Başkan Akdoğan, “Antalya’da 2000 öncesi yapı stoğunun büyük bir çoğunluğu riskli. Bunla alakalı yaptığımız çalışmalarda C-25 olması gereken beton ortalaması 6-10 megapaskal seviyelerinde gözüküyor. Riskli yapı stoğunu bir şekilde ortadan kaldırmamız gerekiyor. Riskli yapı stoğunu iki şekilde ortadan kaldırabiliriz. İlki ya yapıları güçlendireceğiz ya da kentsel dönüşümle yıkıp yenileyerek. Bugün kentsel dönüşümde yapılan emsal artışlar hepimizin malumu. Burada çok ciddi rantlar dönüyor. Biz güçlendirmenin bir seçenek olarak masaya konulması gerektiğini söylüyoruz. Mevcut haliyle riskli bir binada bu mevzuatı uygulamayarak insanları kentsel dönüşümle yapmıyorsan, insanları riskli binalarda oturmaya mecbur bırakıyorsunuz. Güçlendirmenin önü açılmalı. Bugün yapı stoğumuzun büyük kısmı riskli iken, bu kadar yapının yıkılarak dönüşebilmesinin çevresel etkilerini değerlendiriyor muyuz? Moloz yığınları, asbest, kirlilik, çevreye zararları değerlendirildiği zaman iklim krizinin etkilerinden bahsederken bu kadar atığın olumsuzluğundan da söz etmemiz gerekiyor” diye konuştu.

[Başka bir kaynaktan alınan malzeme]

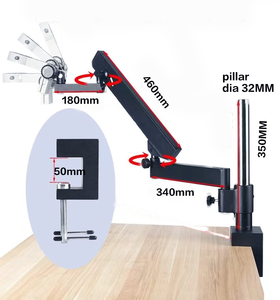 Linh hoạt khớp nối cánh tay phong trào lớn bùng nổ đứng 7-50x trinocular kính hiển vi <span class=keywords><strong>Stereo</strong></span> cho phòng thí nghiệm vật nuôi phẫu thuật PCB sửa chữa - Product Image 3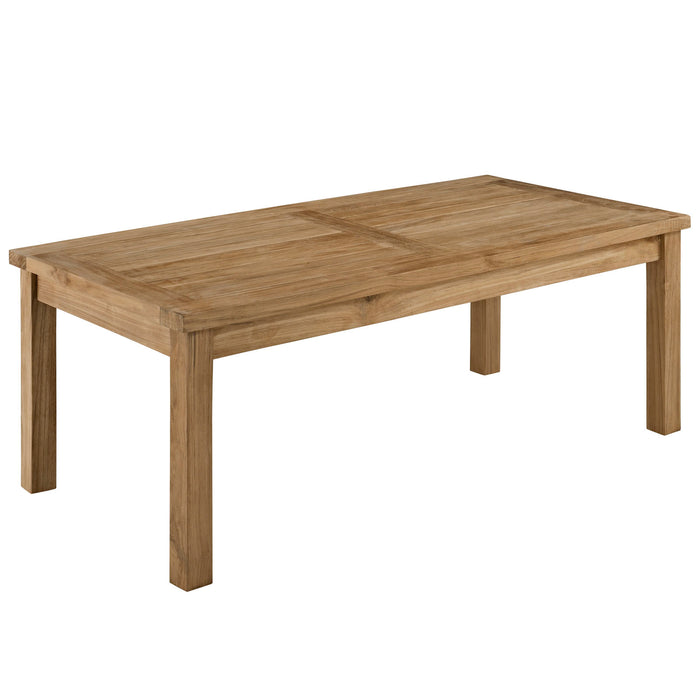 Marina Outdoor Patio Teak Rectangle Coffee Table 1154-NAT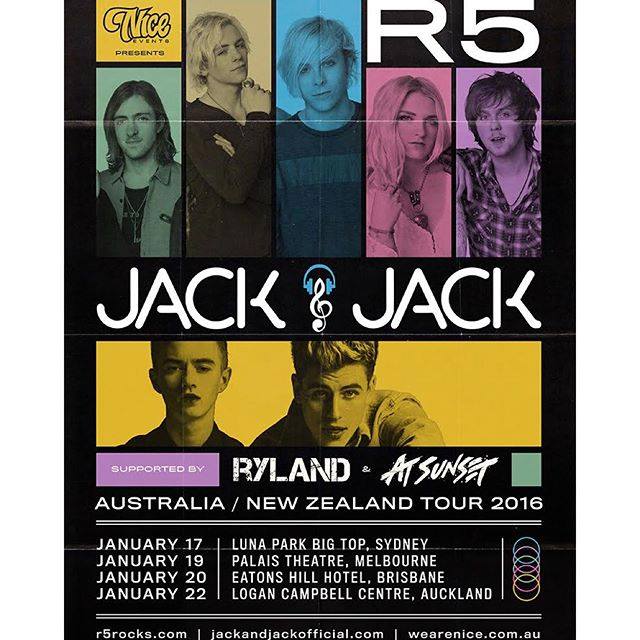 R5 - Sometime Last Night Tour - poster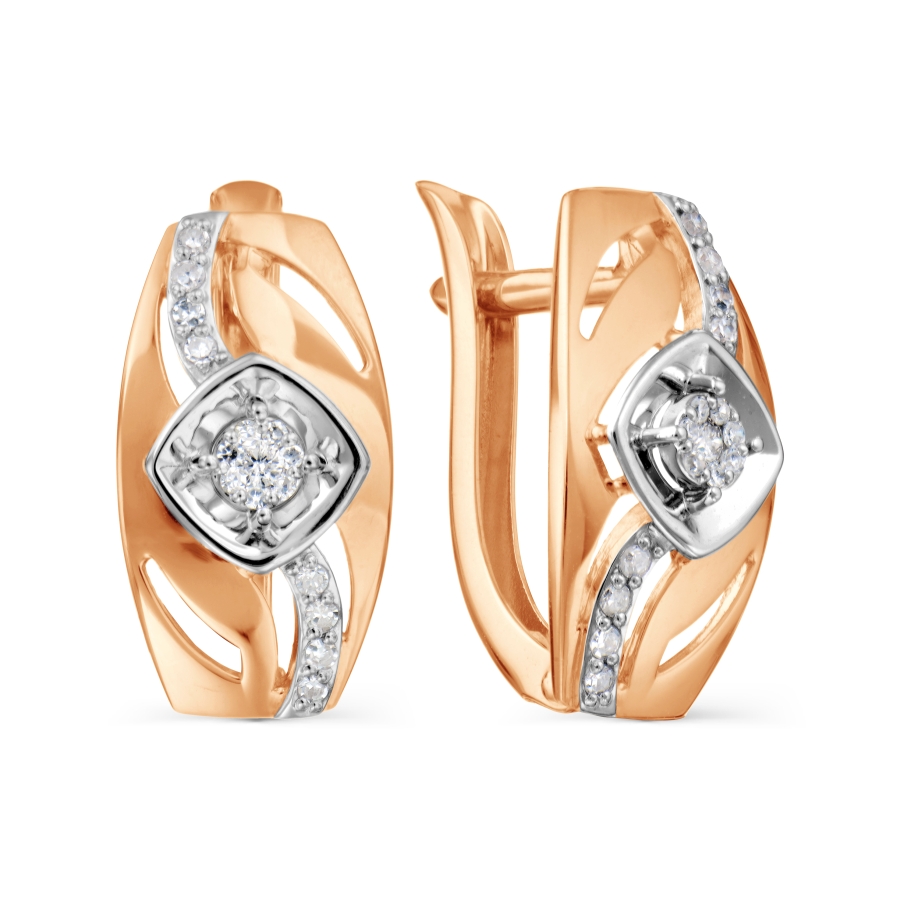 

Серьги с бриллиантами Линии Любви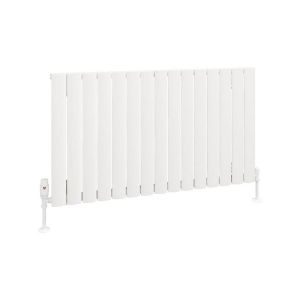 Eastbrook Sandhurst 600 x 1045 Matt White Aluminium Designer Radiator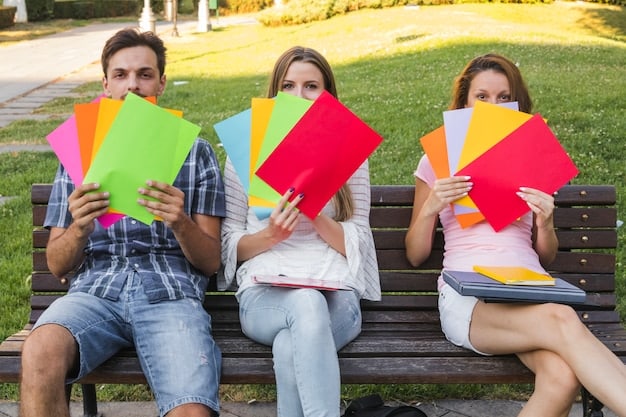 A collage of images representing various factors influencing university acceptance rates: a standardized test booklet, an economic graph showing economic growth, and a diverse group of students representing demographic shifts.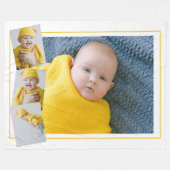 Couverture Polaire Quatre Modèles photo personnalisés (Devant (Horizontal))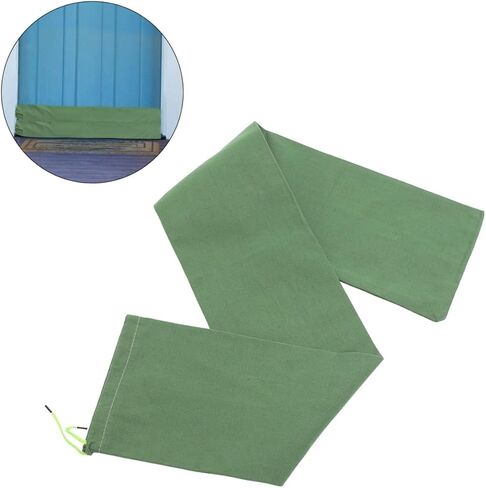 POPETPOP 2Pcs Heavy Duty Long Canvas Sandbags for Flood Protection Reusable Absorbent Flood Barriers for Home Garage Basement Leakproof Design for Enhanced Flood Control in Saudi Arabia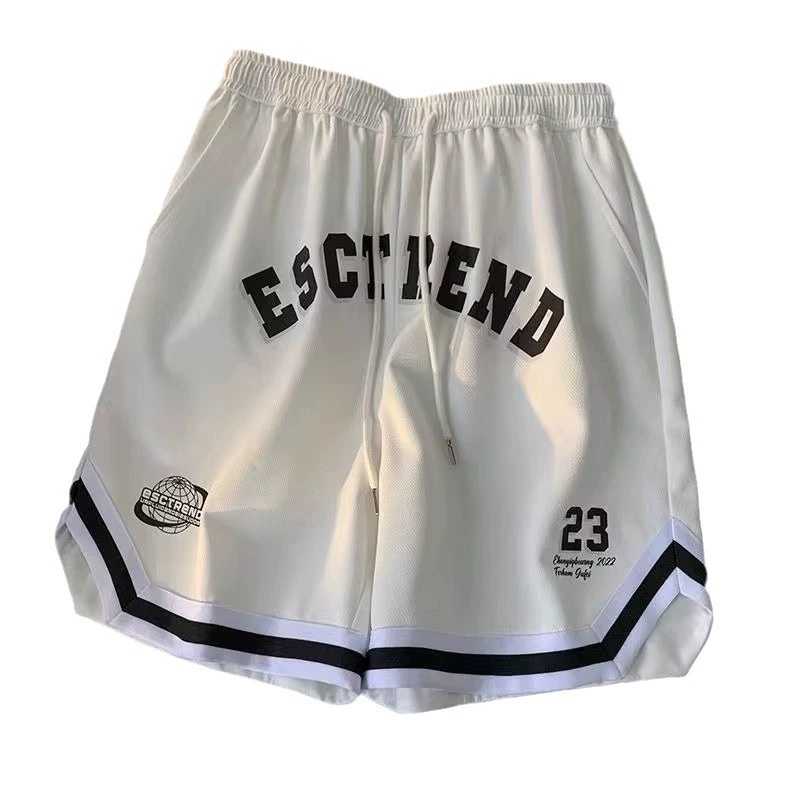 Sports summer shorts, thin basketball casual trousers, American style, loose fit
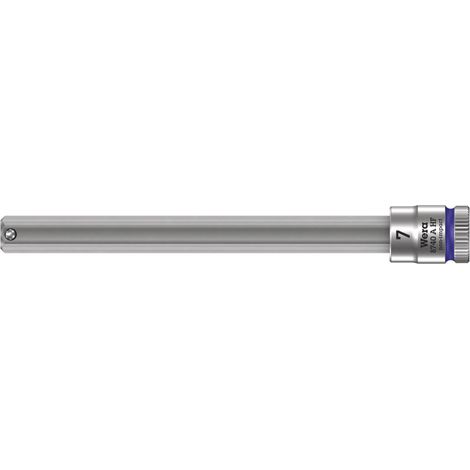 WERA Zyklop Bitnuss 8740 A HF, 1/4" Hex-Plus 7,0 x 100 mm, Haltefunktion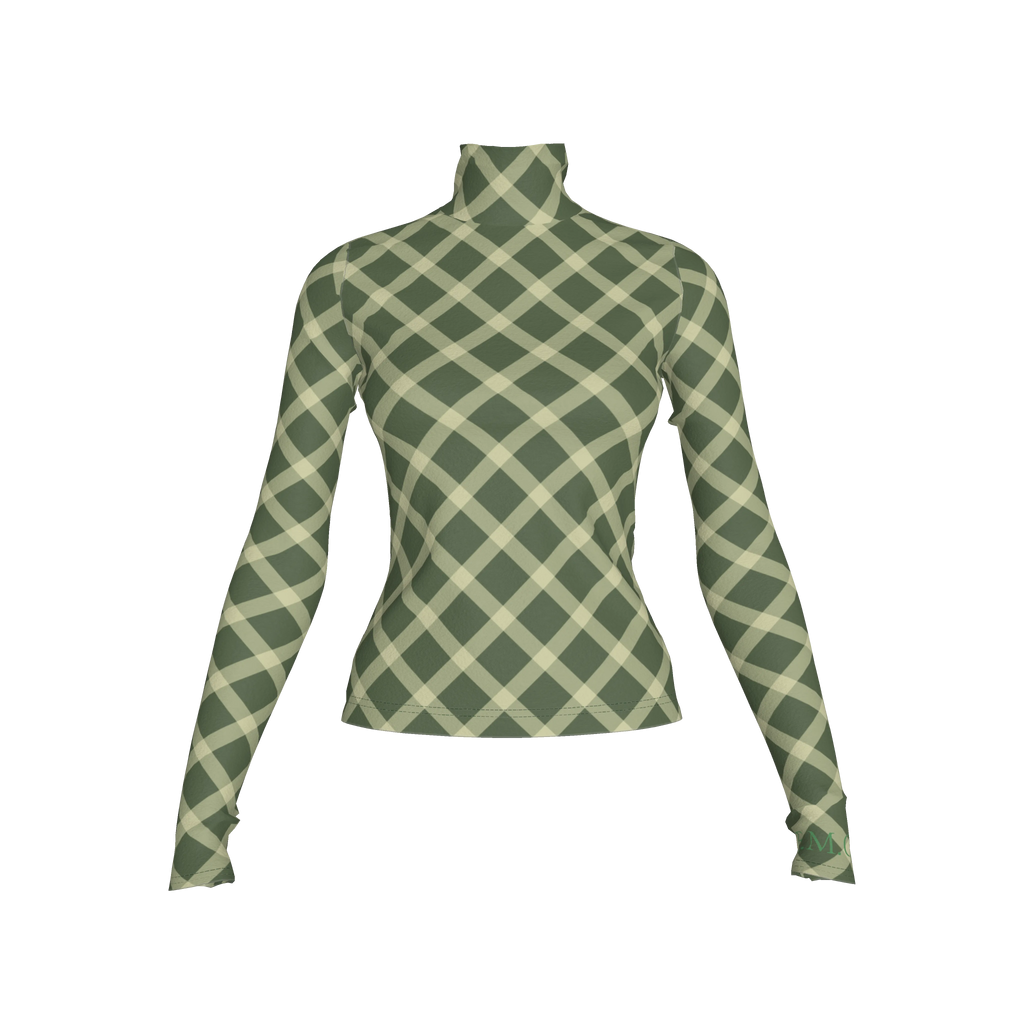 Emerald Turtleneck Long Sleeve Turtleneck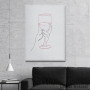 Slika One Line Wine Poster 2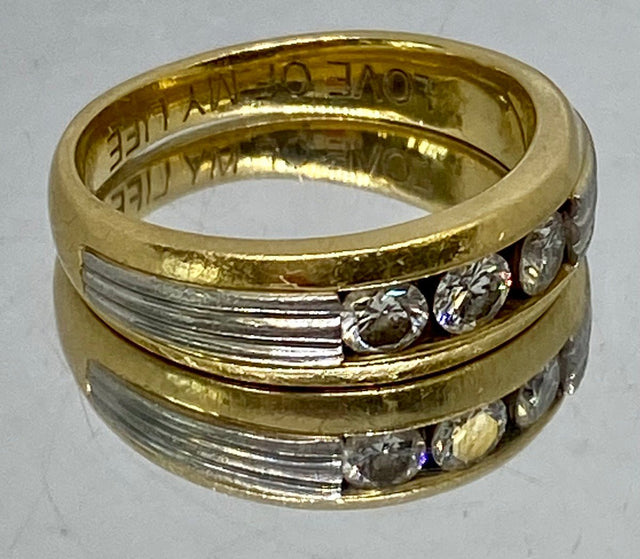 Gent's Diamond Cluster Ring 3 Diamonds .51 Carat T.W. 18K Yellow Gold 7.95g - Idaho Pawn & Gold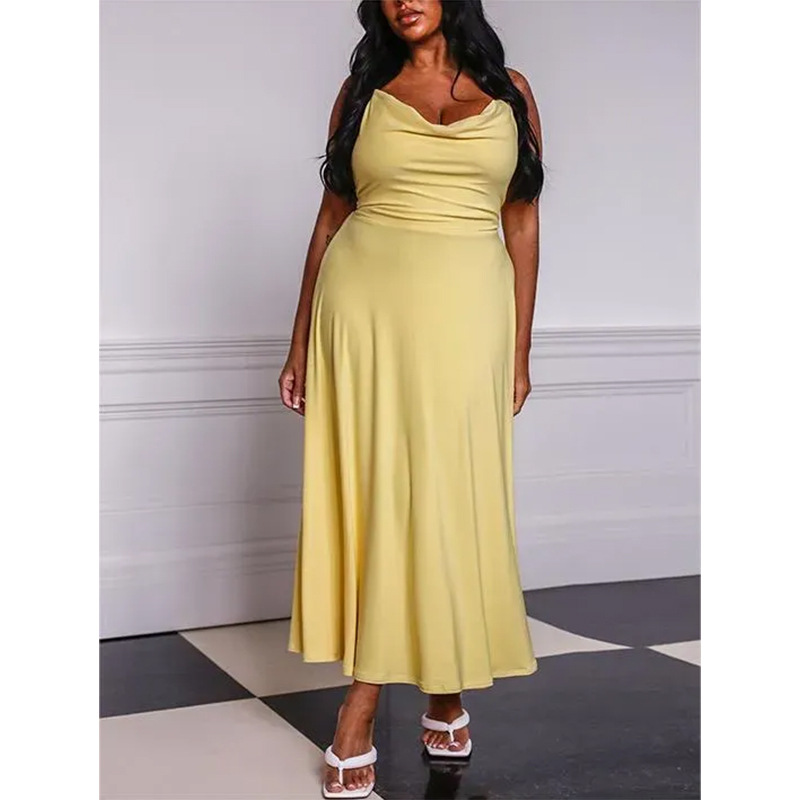 STRAPPY SOLID COLOR MIDI DRESS(BUY 2 FREE SHIPPING)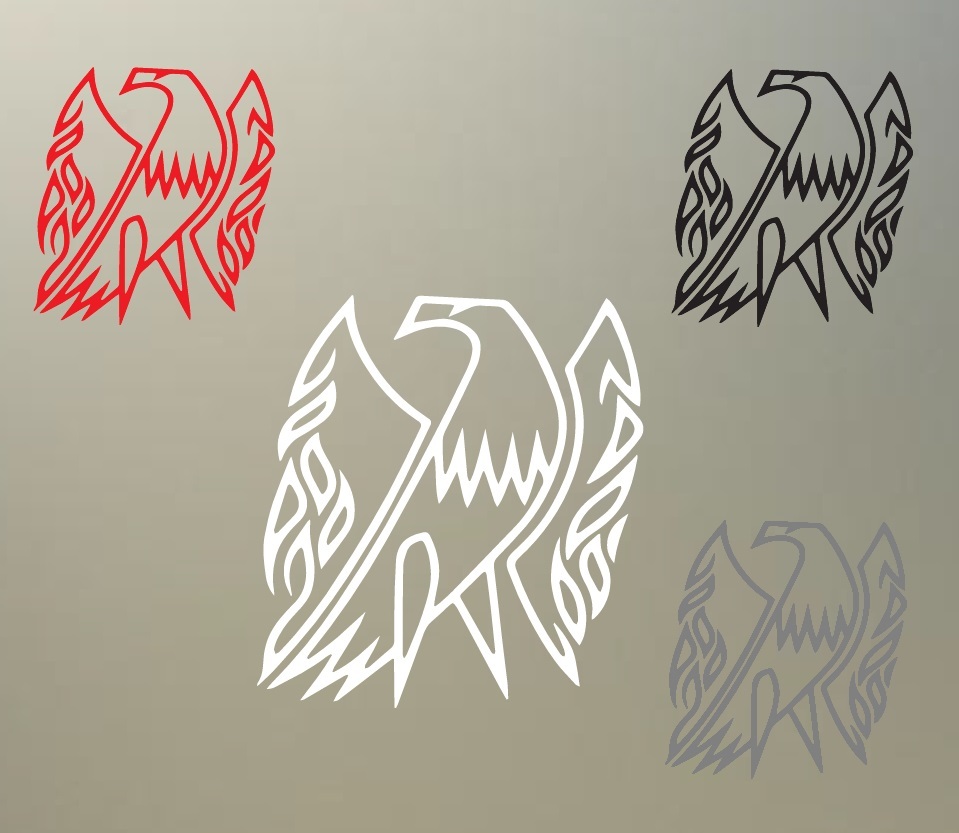 (3) 1.5″ gibson firebird bird guitar vinyl Decal sticker any non porous surface
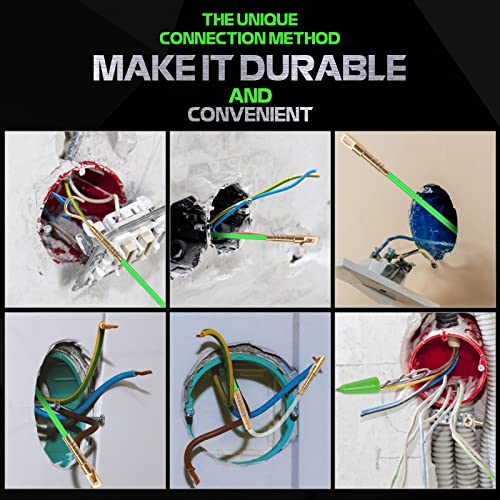 FTIHTRY 45FT Fiberglass Running Electrical Wire Cable Glow Rods Wire Pulling, Fish Rods Electrical Kit with 8 Different Attachments and Fish Tape Wire Puller Kit - style: 45FT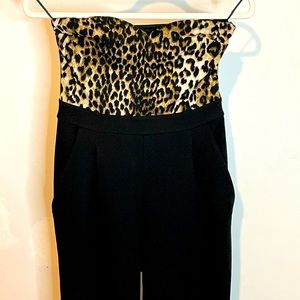 Express Two tone strapless jumpsuit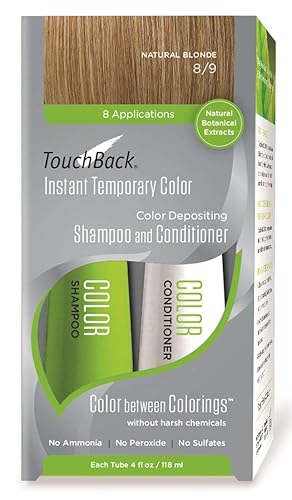 TouchBack Natural Blonde Color Shampoo and Conditioner Set Beauty & Personal Care TouchBack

“NÜFUS ARTIYOR, ALTYAPIYA BÜYÜK YÜK GELİYOR”
Başkan Akdoğan, “Şehrin tüm dinamikleri gözden geçirilmeli. Bugün uygulanan kentsel dönüşüm politikalarıyla mahallelerimizdeki nüfus yoğunluğunu arttırıyoruz. Altyapıya gelen yük artıyor ve bina atıklarının çevreye verdiği etkilerle kent daha yaşanmaz bir hale dönüşüyor. Ada bazlı dönüşümlerde yüksek emsaller ile ekstra rant oluşturuluyor. Kendi talepleriyle binasını güçlendirmek istenen vatandaşların bu talebi mevzuat bahane edilerek engellenmemeli. Bununla ilgili bazı idarecilerimiz güçlendirmeye inanmıyor. Dünyada gelişmiş ülkelerde güçlendirme projeleri yapılıyor. Bizim deprem yönetmeliğimizin 15’inci bölümünde de mevcut binaların değerlendirilmesi ve güçlendirilmesi ile ilgili esaslar belirtilmiştir. Çok değerli akademisyenler bunların üzerinde çalışmış ve güçlendirme mevzuatını oluşturmuşlar. Bugün bir kuruma gidildiğinde ‘Ben güçlendirmeye inanmıyorum’ deniliyor. Bu söylem, ‘Ben bilime inanmıyorum’ demek gibi bir şeydir. Bu kentin güçlendirme uygulamalarına ihtiyacı var. Bu konu bir an önce masaya yatırılmalı, konuşulmalı ve uygulanmalı. Buna öncülük eden belediyede bu kente büyük bir hizmet etmiş olacaktır. Umarım belediyelerimiz çağrılarımızı dikkate alır. Bugün birçok vatandaş binasını güçlendirmek için ruhsat almaya çalışıyor ama karşısında asansör, yangın yönetmelikler şart koşuluyor. Bu yönetmelikler uygulanabiliyorsa uygulansın ama uygulanamıyorsa bu yönetmelik şart koşulmamalı” ifadelerini kullandı.